Work to complete:
Starting with the line where "Aspersina Leviga Crema" appears, print every line through the end of the entries below exactly as it stands, and leave out the pictures.

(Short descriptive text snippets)
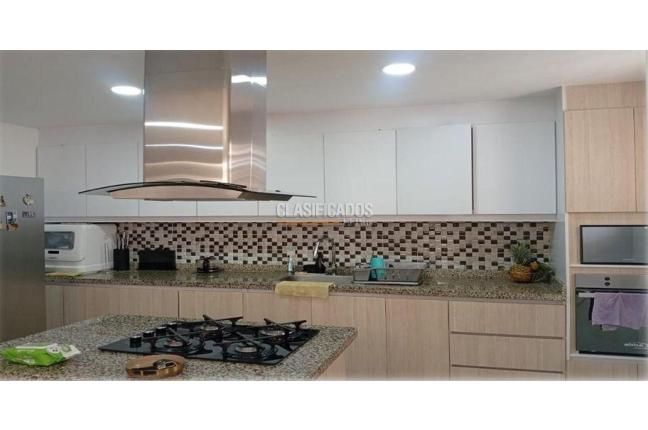 Casas, Venta, Palmira - $495.000.000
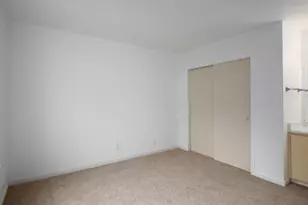 668 Simpson St, Santa Rosa, CA 95401 - Photo 14
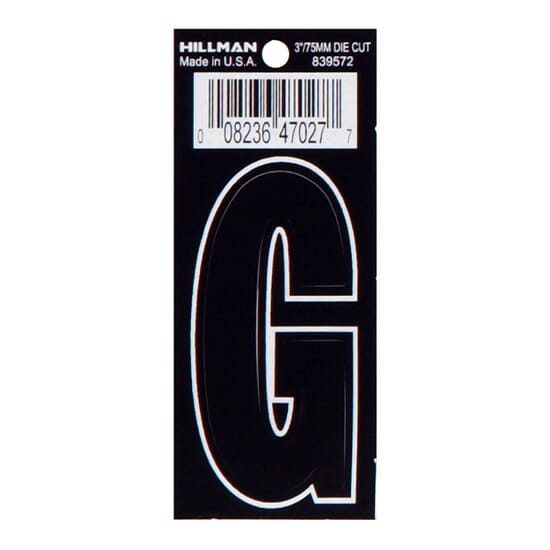 HILLMAN-Die-Cut-Vinyl-Letters-3IN-618744-1.jpg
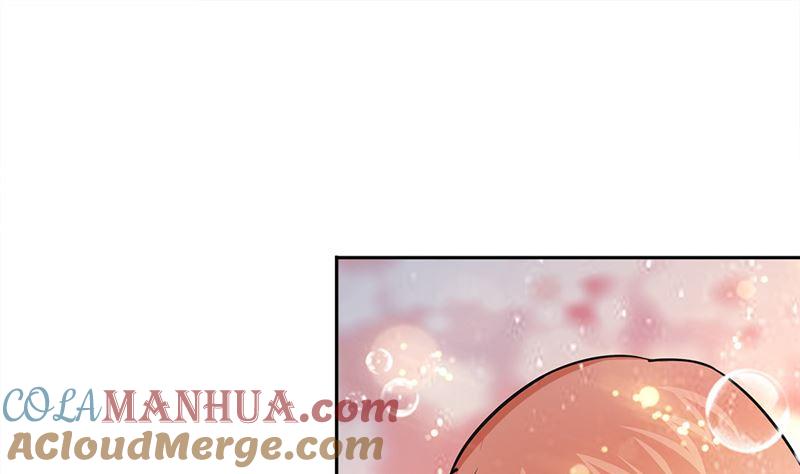 第40话-顾少的超模新妻-一直看 仟绘动漫（第3张）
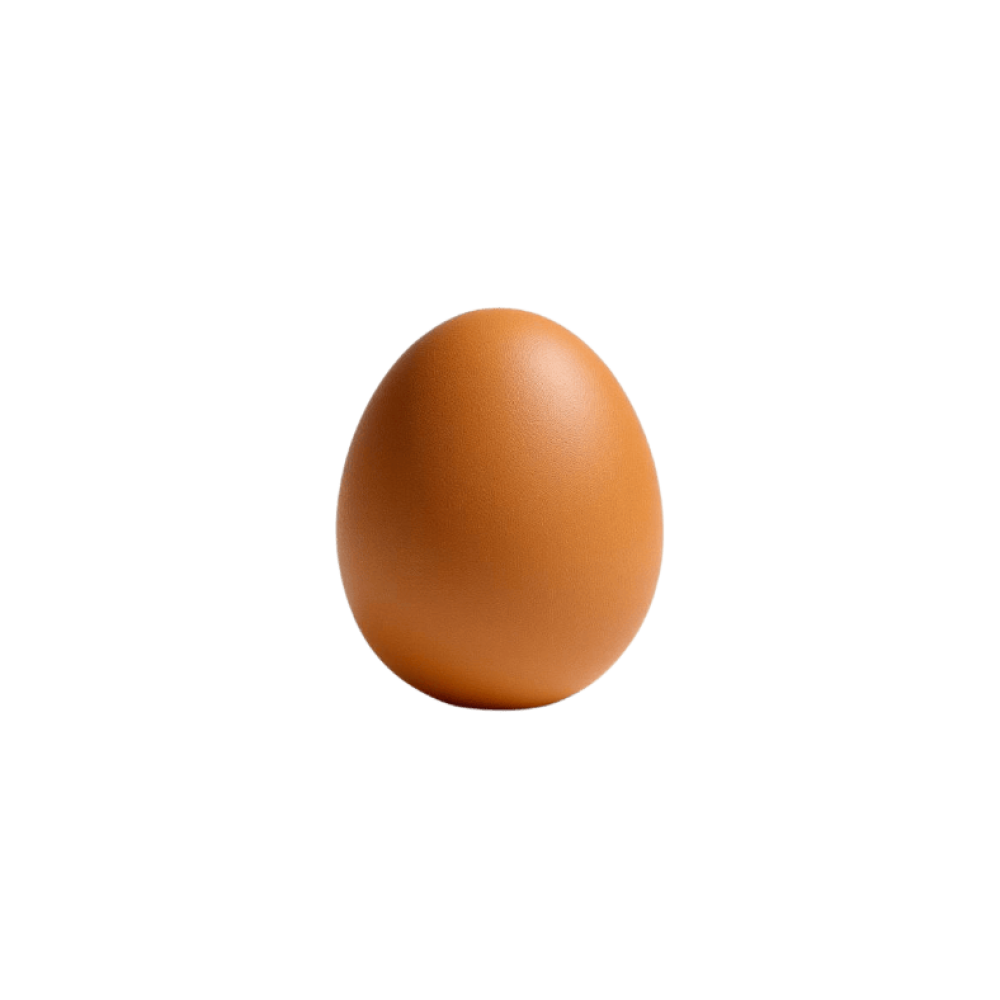 Carton of So Sweet Organic Free Range Eggs showing organic certification and free-range farm freshness.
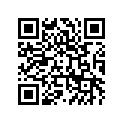 14031-1368-IT (I/X)カバ-(ゼネレ-タ)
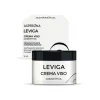 Aspersina Leviga Crema Viso per Macchie e Discromie 50ml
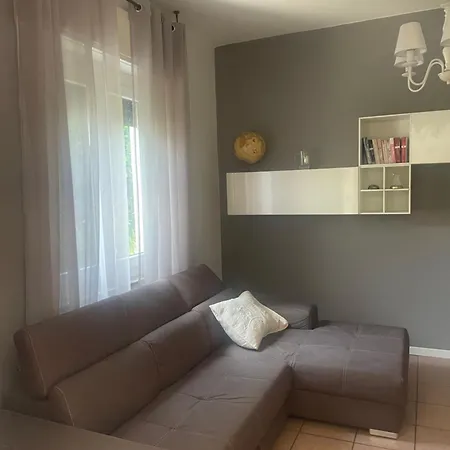 Dalla Simo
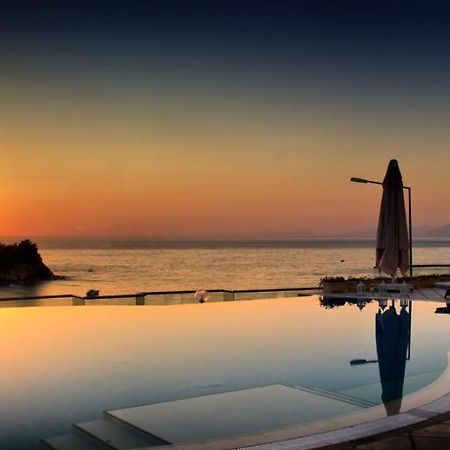 Lavista Boutique Hotel & Spa (Adults Only) Kusadası Eksteriør bilde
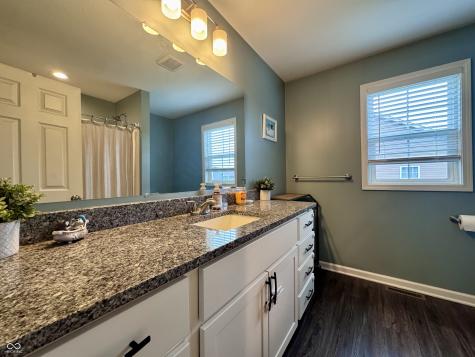 135 Bentley Drive Crawfordsville IN 47933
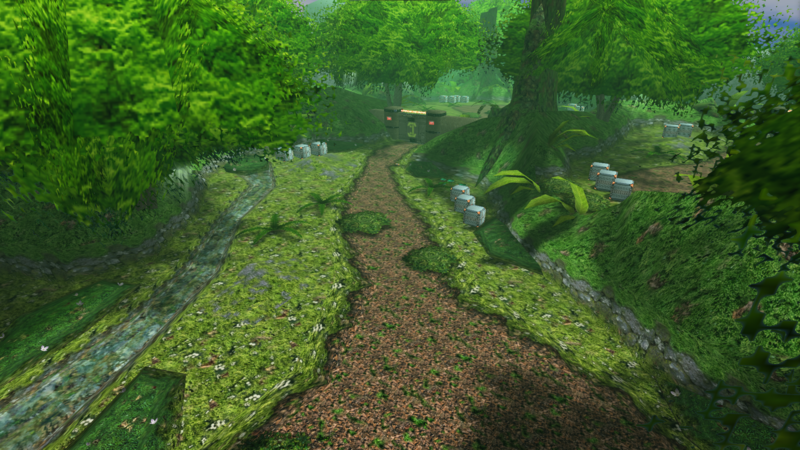 File:Forest1.png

Answer to this problem:
 Aspersina Leviga Crema Viso per Macchie e Discromie 50ml
 Dalla Simo
 Lavista Boutique Hotel & Spa (Adults Only) Kusadası Eksteriør bilde
 135 Bentley Drive Crawfordsville IN 47933
 File:Forest1.png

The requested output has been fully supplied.